[Start of Attachment]
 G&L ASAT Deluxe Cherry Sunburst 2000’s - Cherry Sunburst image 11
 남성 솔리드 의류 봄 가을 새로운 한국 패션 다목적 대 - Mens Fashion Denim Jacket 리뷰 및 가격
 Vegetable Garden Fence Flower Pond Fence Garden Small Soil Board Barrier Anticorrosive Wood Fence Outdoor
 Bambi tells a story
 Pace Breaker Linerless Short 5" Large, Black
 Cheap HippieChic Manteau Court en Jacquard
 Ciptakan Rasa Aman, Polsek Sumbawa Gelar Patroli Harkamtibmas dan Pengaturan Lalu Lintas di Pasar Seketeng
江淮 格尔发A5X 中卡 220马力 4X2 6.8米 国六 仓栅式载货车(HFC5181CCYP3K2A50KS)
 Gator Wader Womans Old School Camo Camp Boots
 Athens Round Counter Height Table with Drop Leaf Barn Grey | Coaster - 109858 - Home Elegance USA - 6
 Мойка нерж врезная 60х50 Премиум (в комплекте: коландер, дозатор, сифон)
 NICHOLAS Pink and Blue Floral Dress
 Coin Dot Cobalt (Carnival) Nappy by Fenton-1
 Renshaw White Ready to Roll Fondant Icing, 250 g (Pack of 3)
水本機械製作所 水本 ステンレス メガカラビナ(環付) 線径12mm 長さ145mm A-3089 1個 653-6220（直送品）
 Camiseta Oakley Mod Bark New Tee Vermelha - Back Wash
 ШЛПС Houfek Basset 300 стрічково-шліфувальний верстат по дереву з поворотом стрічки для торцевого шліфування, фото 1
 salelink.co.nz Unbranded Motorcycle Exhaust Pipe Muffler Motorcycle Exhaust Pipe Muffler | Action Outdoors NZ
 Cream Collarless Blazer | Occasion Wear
[End of Attachment]
- Task -
Find "Bambi tells a story" in the entries above and copy that whole line exactly, then each line after it through the line that contains "Athens Round Counter".

- Expected output -
 Bambi tells a story
 Pace Breaker Linerless Short 5" Large, Black
 Cheap HippieChic Manteau Court en Jacquard
 Ciptakan Rasa Aman, Polsek Sumbawa Gelar Patroli Harkamtibmas dan Pengaturan Lalu Lintas di Pasar Seketeng
江淮 格尔发A5X 中卡 220马力 4X2 6.8米 国六 仓栅式载货车(HFC5181CCYP3K2A50KS)
 Gator Wader Womans Old School Camo Camp Boots
 Athens Round Counter Height Table with Drop Leaf Barn Grey | Coaster - 109858 - Home Elegance USA - 6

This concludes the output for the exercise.